● **TASK PROMPT**
Please give back, exactly as written, the lines from the line with "當(dāng)你的身體釋放出" to the line with "7月8日15公斤仔猪价格，猪价、肉价全线上涨，仔" in the listing below, leaving out all pictures.

● **INFORMATION GIVEN**
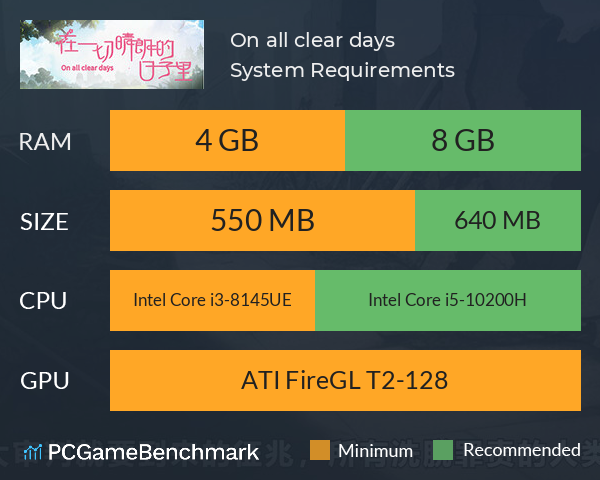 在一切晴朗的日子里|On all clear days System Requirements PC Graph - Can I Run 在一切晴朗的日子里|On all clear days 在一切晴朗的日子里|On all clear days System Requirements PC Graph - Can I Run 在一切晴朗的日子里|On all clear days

...

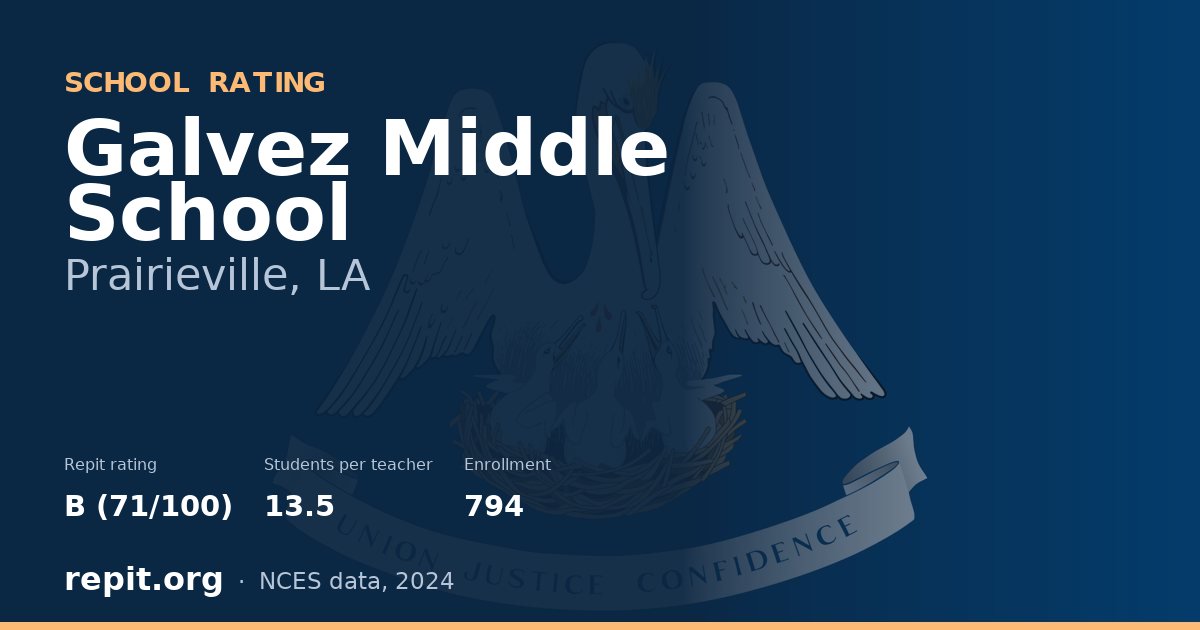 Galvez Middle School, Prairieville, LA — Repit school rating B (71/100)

---

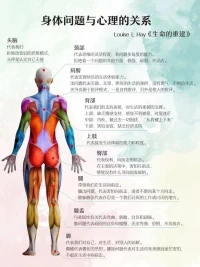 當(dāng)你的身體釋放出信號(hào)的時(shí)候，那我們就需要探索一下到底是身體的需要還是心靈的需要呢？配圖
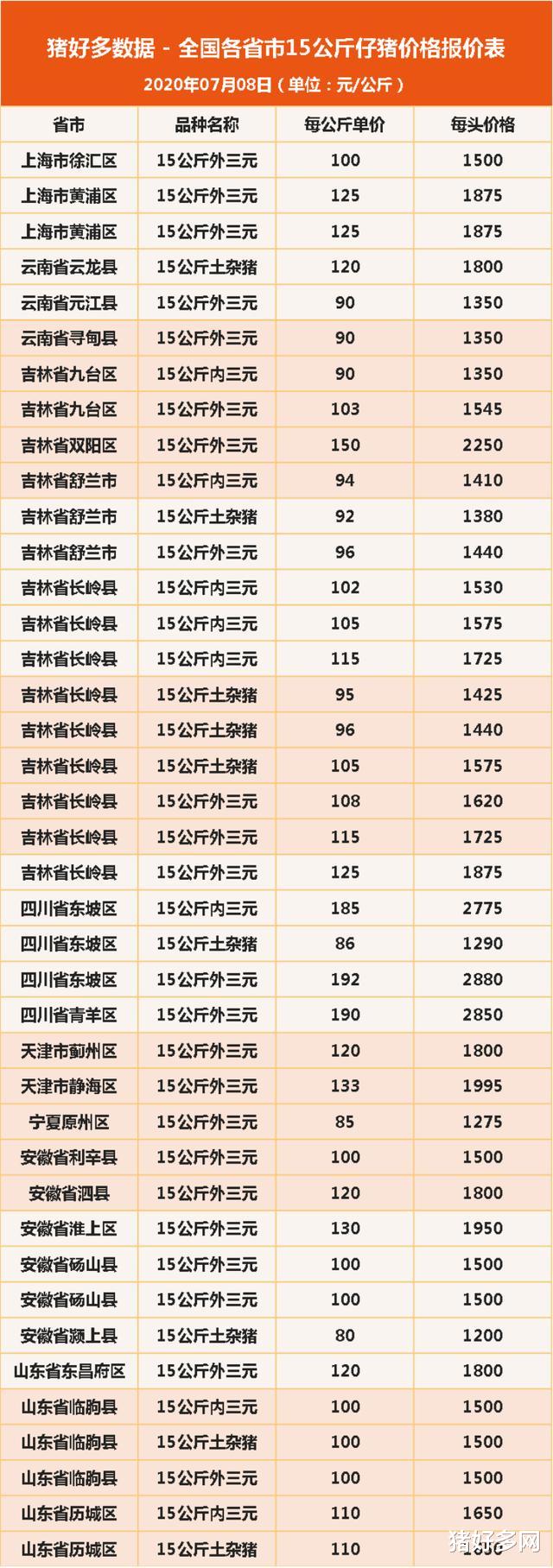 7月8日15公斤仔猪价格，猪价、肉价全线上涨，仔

● **SOLUTION FOR THIS TASK**
 當(dāng)你的身體釋放出信號(hào)的時(shí)候，那我們就需要探索一下到底是身體的需要還是心靈的需要呢？配圖
 7月8日15公斤仔猪价格，猪价、肉价全线上涨，仔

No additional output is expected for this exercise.